# Great deal on ePay



## That bike guy (Jan 1, 2017)

http://rover.ebay.com/rover/1/711-5...0001&campid=5335809022&icep_item=122289569480 


 This should sale


----------



## bikewhorder (Jan 1, 2017)

That's tempting.


----------



## Lynn43506 (Jan 1, 2017)




----------



## jkent (Jan 2, 2017)

How is it a great deal? It's a starting bid, Not a Buy It Now price.


----------



## Freqman1 (Jan 2, 2017)

Even at the starting price I would question whether this was a good deal or not. The bike looks too far gone to preserve as original so that leaves you with doing a restoration. If you can do the paint yourself it'll save ya a chunk but chrome, cad, seat, pedals, grips, tubes/tires/spokes, etc... are going to take this one over the money in my book.
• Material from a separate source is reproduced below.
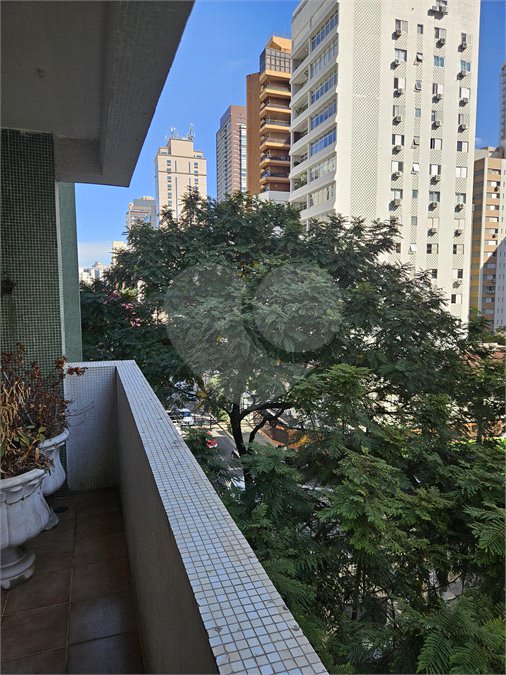 Apartamento à venda com 3 quartos, sendo 1 suíte,  em Itaim Bibi, São Paulo, SP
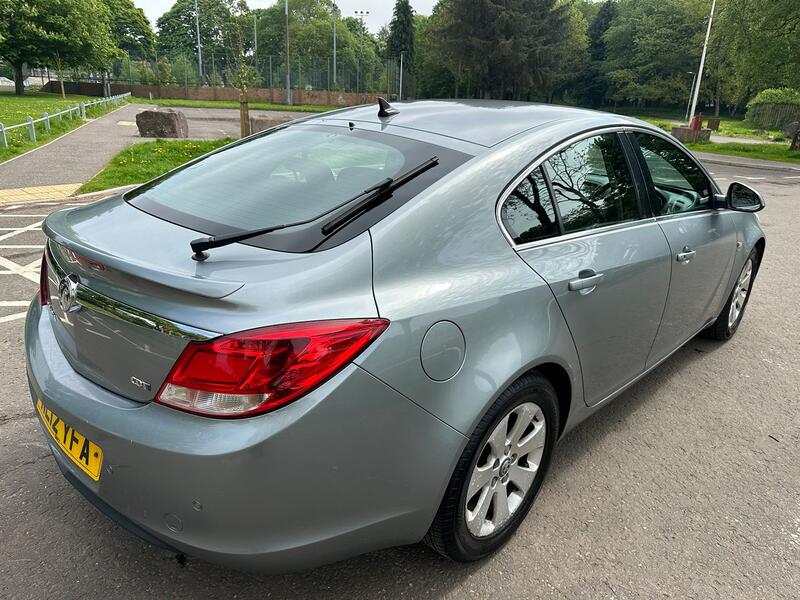 VAUXHALL INSIGNIA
V/r Shawn


----------



## jkent (Jan 2, 2017)

Agree.


----------



## locomotion (Jan 2, 2017)

I don't see a great deal either!!!


----------



## That bike guy (Jan 2, 2017)

Sound like people jockeying and down playing for the score. Think we all know that bone stock unmolested twin bar is extremely rare these days to find in any condition. I wouldn't be surprised if that gothic guard could pull in half of that starting bid.


----------



## locomotion (Jan 2, 2017)

buy it!!!


----------



## Freqman1 (Jan 2, 2017)

That bike guy said:


> Sound like people jockeying and down playing for the score. Think we all know that bone stock unmolested twin bar is extremely rare these days to find in any condition. I wouldn't be surprised if that gothic guard could pull in half of that starting bid.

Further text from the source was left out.